The dissemination of projects has been used as an opportunity to organise broader thematic Knowledge Exchange events. An ESRC Third Sector Research Centre funded event on the sustainability of BME organisations (2010) saw the participation of over 60 academics, local authorities, grant making bodies and community organisations and led to various partnership activities both between organisations and with the SPRC. Participants from a number of organisations subsequently became regular informants for our research projects, speakers at events and contributors to consultation processes. The event paved the way for a larger, 2-day conference on 'The Equality Impact of Big Society', with over 100 community sector participants and academics. The conference included a number of thematic workshops for practitioners on the effects of the spending review and policy changes on education, health, housing services and on specific provision for migrants, women, older and disabled people. These were delivered in partnership with third sector organisations such as Age UK and Evelyn Oldfield unit and the London boroughs of Barnet and Haringey. Later on, a Knowledge Exchange event on 'Welfare Needs of BME communities' (2013), discussing the effects of welfare restructuring and the future challenges for the community sector, attracted over 70 participants (public and third sector) from across the country, confirmed how the work of the SPRC over the last few years has contributed to fostering community networks and partnership initiatives and to bringing a change of mentality among community organisations about the importance of getting involved in and using research.

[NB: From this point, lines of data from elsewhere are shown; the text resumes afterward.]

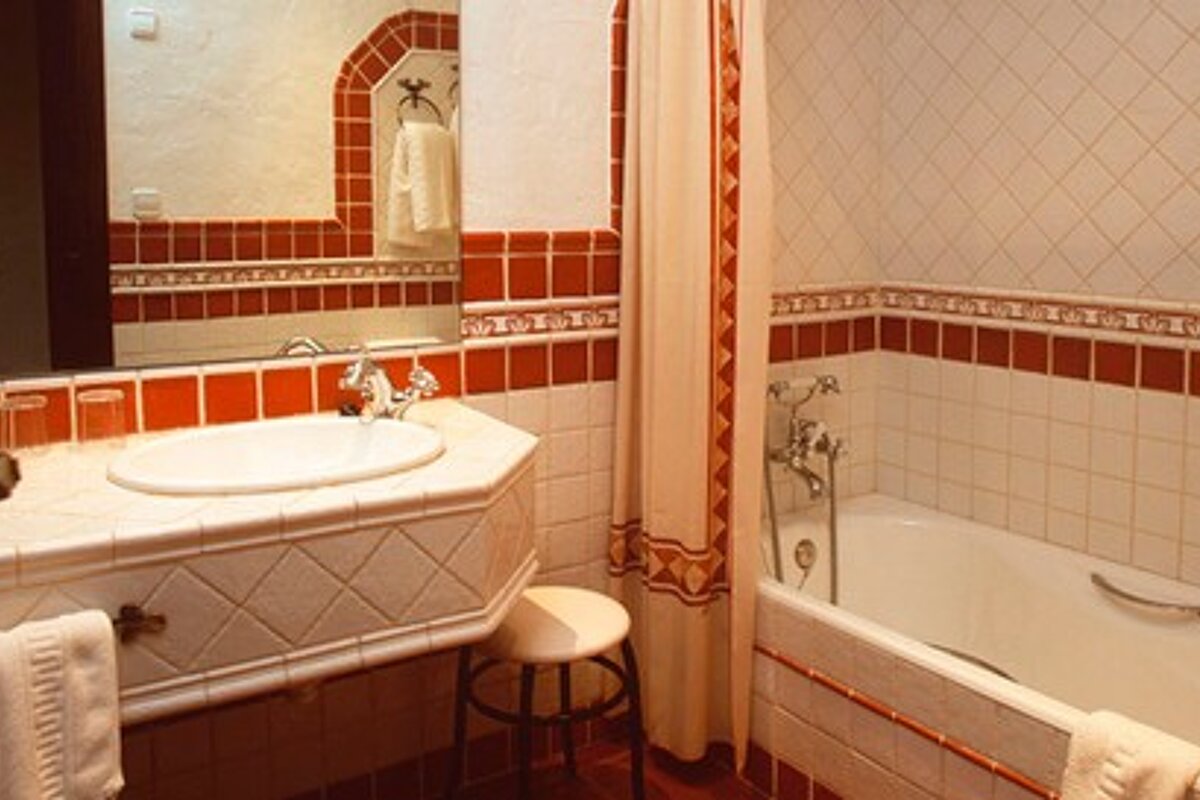 Petit Hotel Ses Rotges, Cala Ratjada bathroom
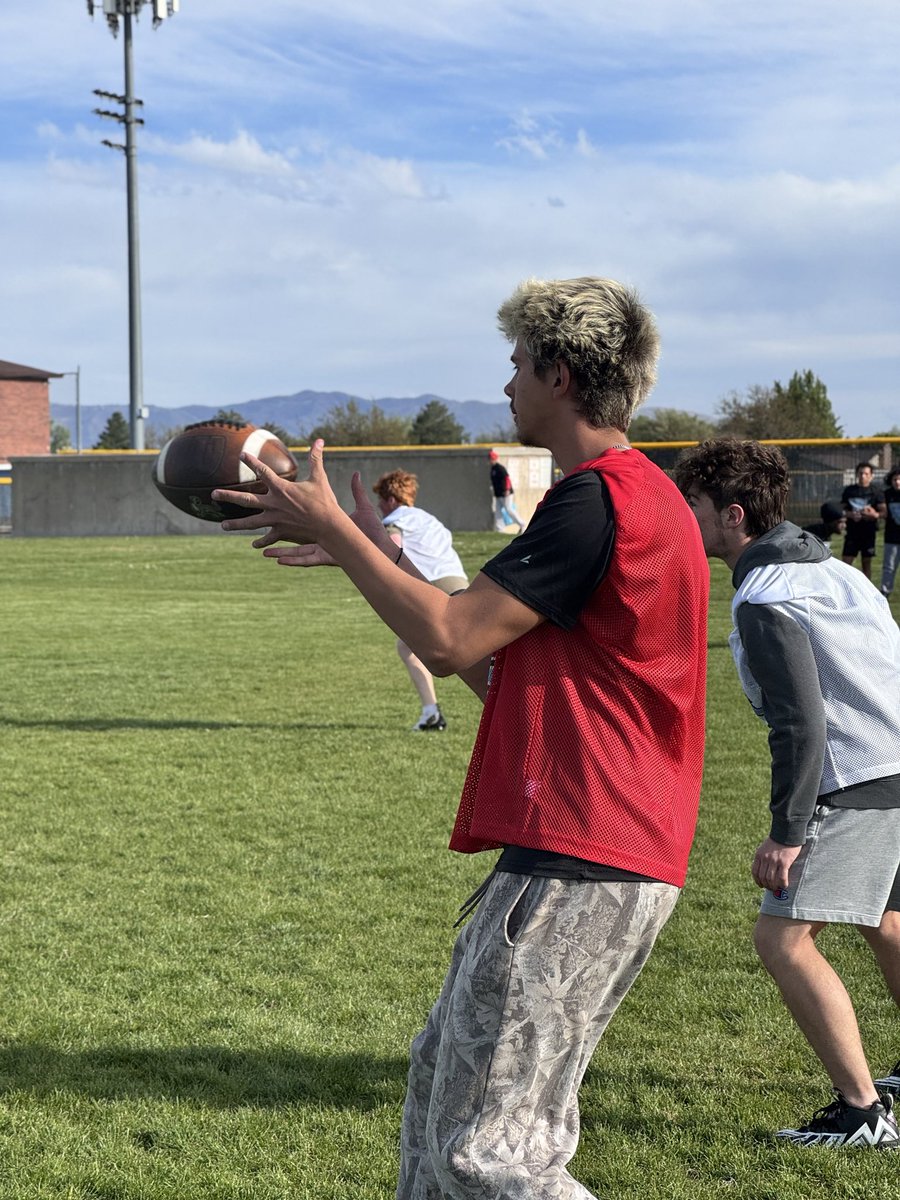 WestJordanHSFB's tweet image. Alone we can do so little, but together we can do so much. 

#Assignment 
#Alignment 
#Technique 
#GoJags 🐆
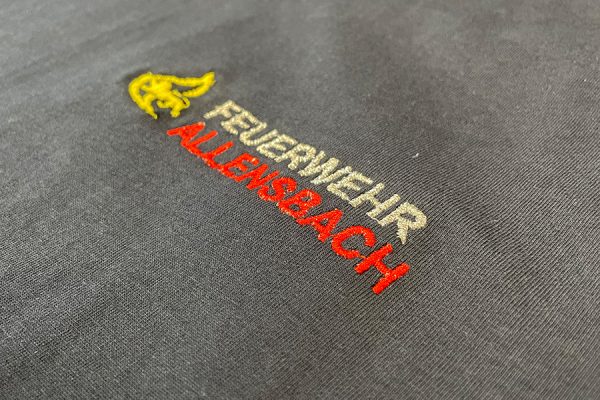 Individuelle Logo Stickerei T-Shirt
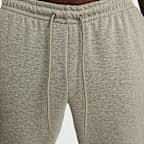 Joggers de alto rendimiento Dri-FIT con protección UV para hombre Nike Primary Fleece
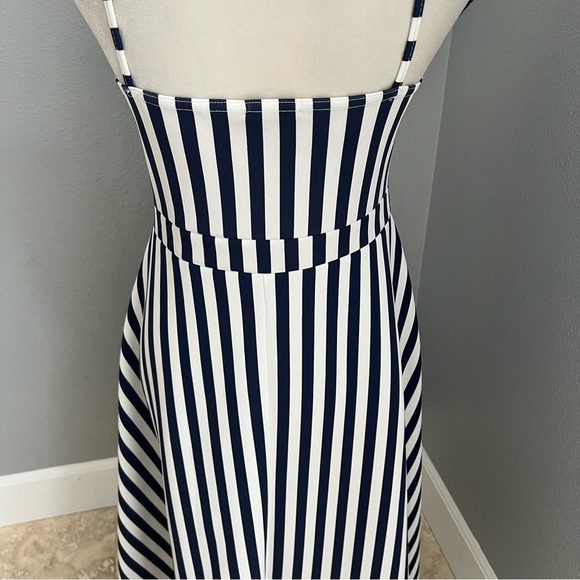 Boohoo Black and White Asymmetrical Tie Front Sundress - Picture 9 of 14
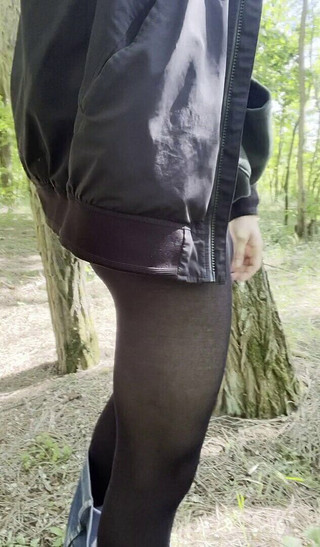 Apomit: Publicboy18 külotlu çoraplı striptiz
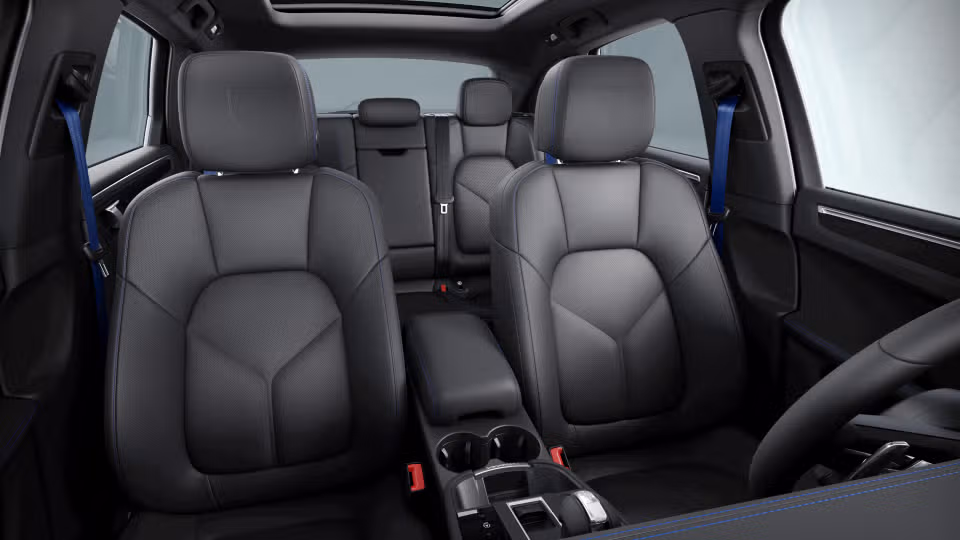2026 Porsche Macan - Photo 35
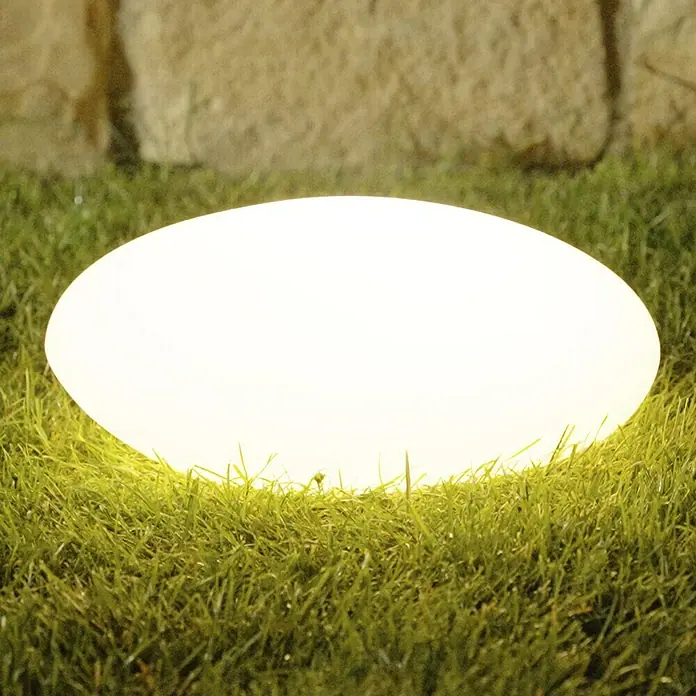 LED-SolarsteinWeiß, L x B x H: 30 x 40 x 16 cm - Stimmungsvolle ovale Gartenleuchte auf Rasen. Das sanfte Licht der Lampe sorgt für eine angenehme Atmosphäre im Außenbereich.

Recent partnership initiatives with Day-Mer (5.1), Paiwand (5.3) and BME Advice Network (5.4) are regarded as models of community-based research and have led to several enquiries and plans for long-term collaboration with other groups, such as Barnet Refugee Services, the Centre for Armenian Information and Advice, the British-Iranian Community Development Organisation and Elbistan community centre. The increasing number and variety of organisations, which have approached the SPRC over the last few years, demonstrate the perceived effectiveness and tangible impact of our work model in enabling local communities to gather evidence to inform interventions which promote broader and more equal access to public services. For example, since 2012 we have been working closely with the Enfield Citizens Advice Bureau to analyse their client database and — through additional research — identify emerging local needs, particularly among new migrant communities, and producing recommendations in terms of service delivery and development strategies. This work has enabled the CAB to indentify and `reach out' to target groups (5.5) The work with Enfield CAB also involved both commissioned research and a programme of student placements.

It is however our work on migrant and BME children in schools that offers one of the strongest examples of a thematic strand of activity whereby impact has been delivered on several levels and with a number of stakeholder groups, impacting upon local practice and fostering strategic thinking. An initial study on Polish children was commissioned by the organisation Multiverse to provide insights to be shared with educational professionals within their network. Subsequently, an ESRC Follow On project, `Polish Pupils in London Schools', provided training as well as networking opportunities to teachers across several London boroughs, for example, Barnet, Ealing and Tower Hamlets (5.6).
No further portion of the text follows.